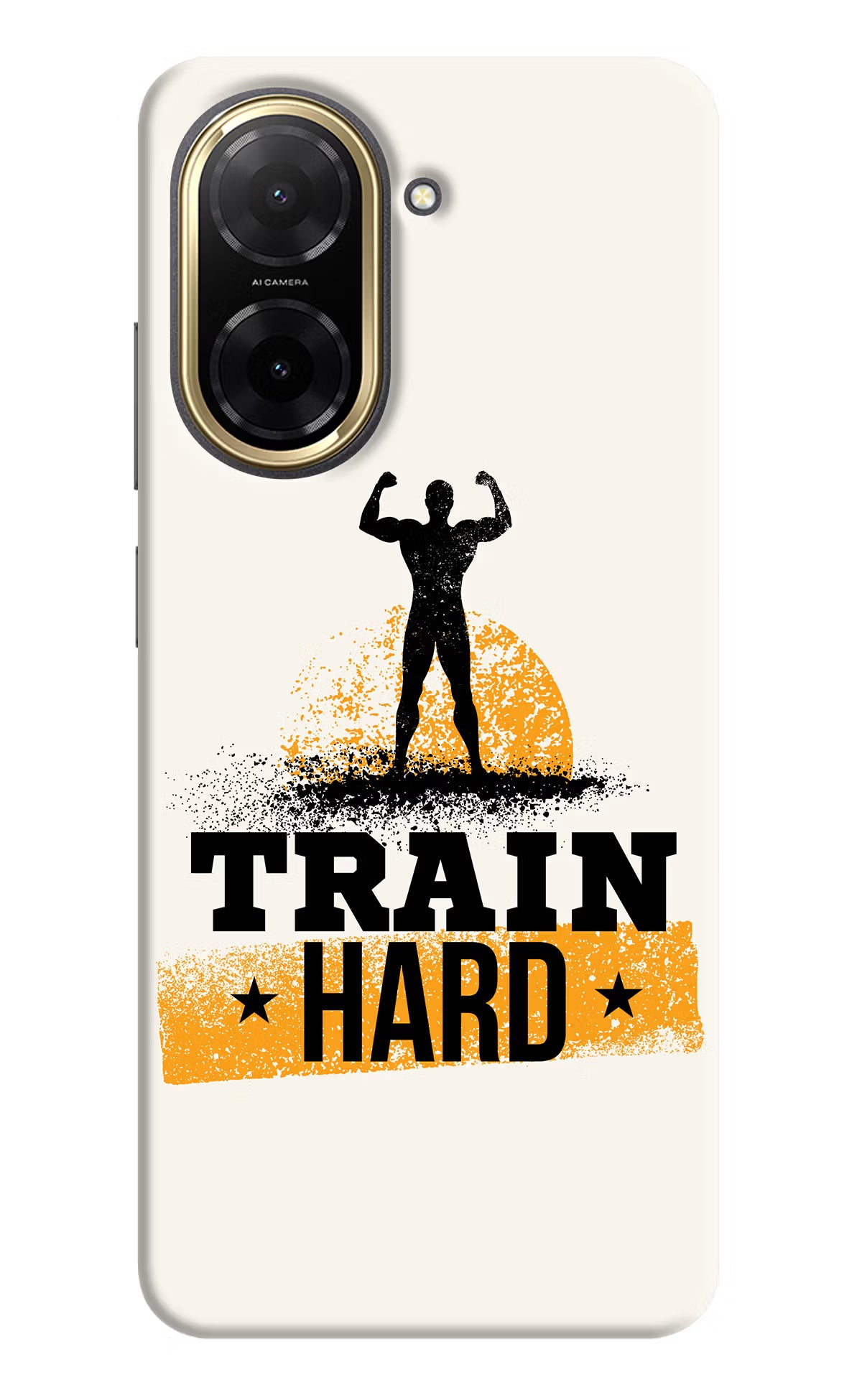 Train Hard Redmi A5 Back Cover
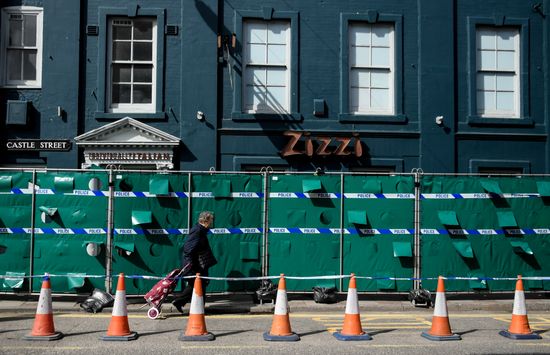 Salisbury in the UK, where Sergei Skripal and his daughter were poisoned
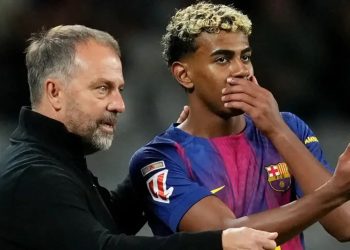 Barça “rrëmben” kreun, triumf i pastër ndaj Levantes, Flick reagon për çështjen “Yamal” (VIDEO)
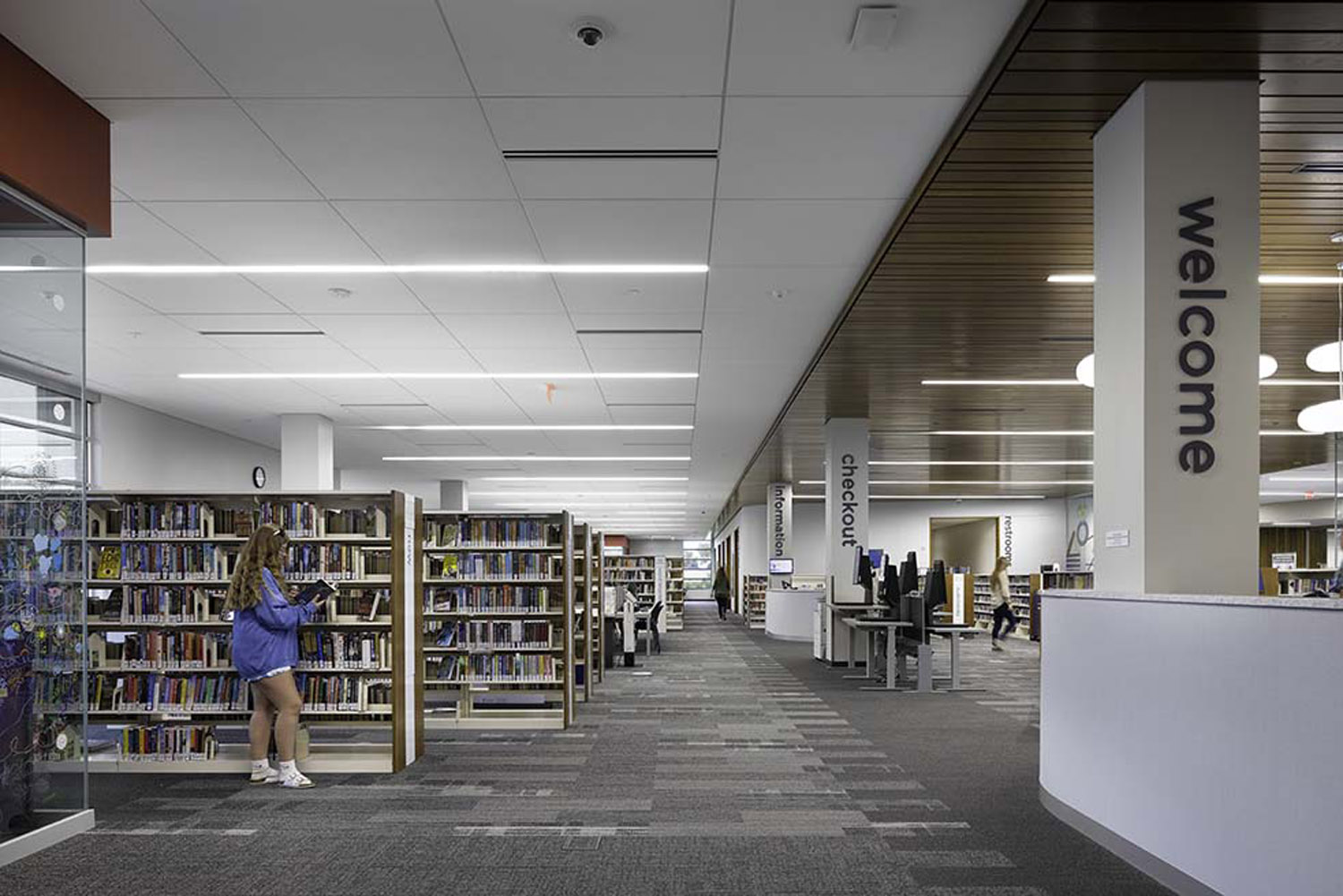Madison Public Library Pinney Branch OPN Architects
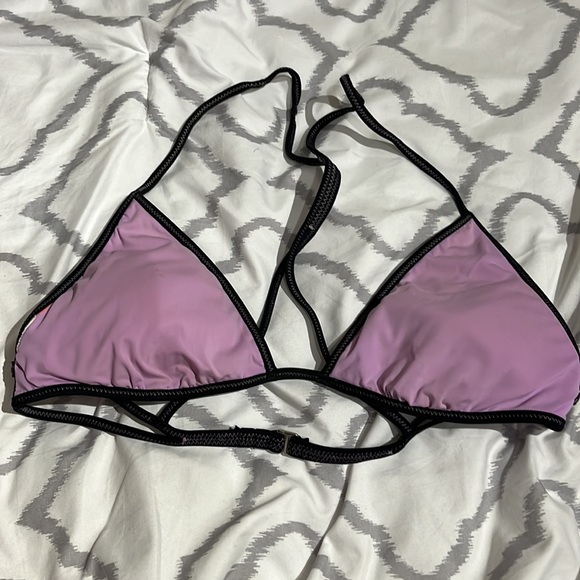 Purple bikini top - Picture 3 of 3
==
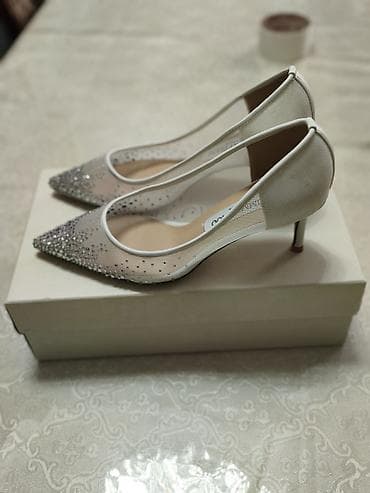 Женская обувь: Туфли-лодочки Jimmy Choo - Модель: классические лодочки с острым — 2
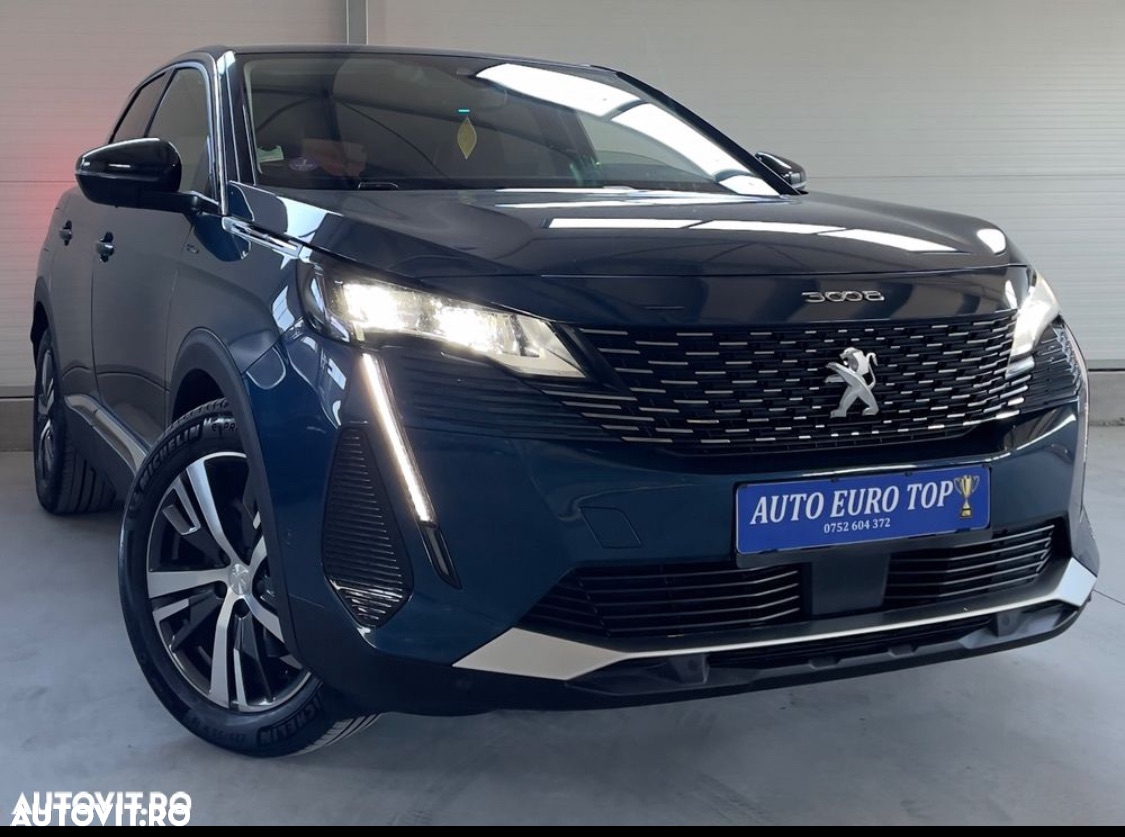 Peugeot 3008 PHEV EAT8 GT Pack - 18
--
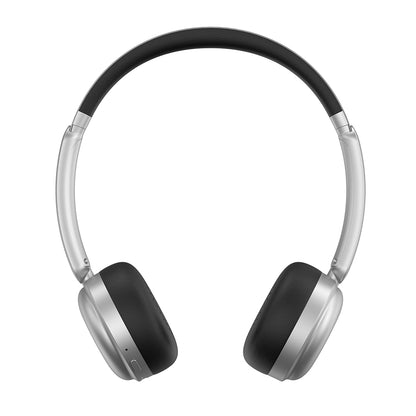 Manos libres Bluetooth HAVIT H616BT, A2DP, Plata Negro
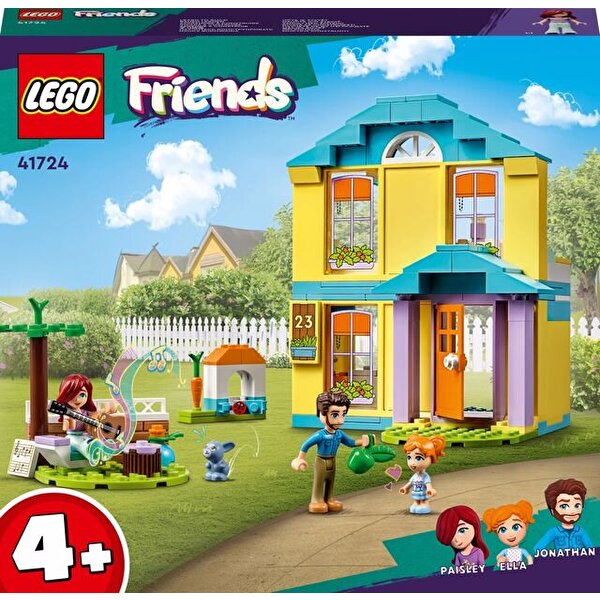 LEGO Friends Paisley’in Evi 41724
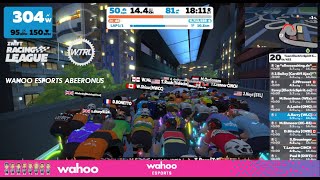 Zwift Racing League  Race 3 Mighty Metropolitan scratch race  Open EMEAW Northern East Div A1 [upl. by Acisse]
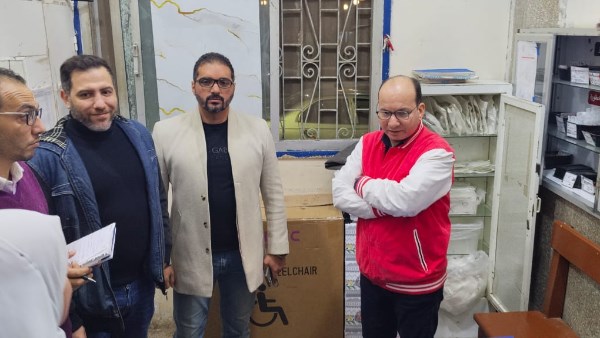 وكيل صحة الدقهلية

Problem:
Write back the stretch of lines above that begins with the line holding "kreun, triumf i" and ends with the line holding "Purple bikini top - Picture 3 of 3", both included, exactly as written. Pictures stay out.

Exercise output:
 Barça “rrëmben” kreun, triumf i pastër ndaj Levantes, Flick reagon për çështjen “Yamal” (VIDEO)
Madison Public Library Pinney Branch OPN Architects
 Purple bikini top - Picture 3 of 3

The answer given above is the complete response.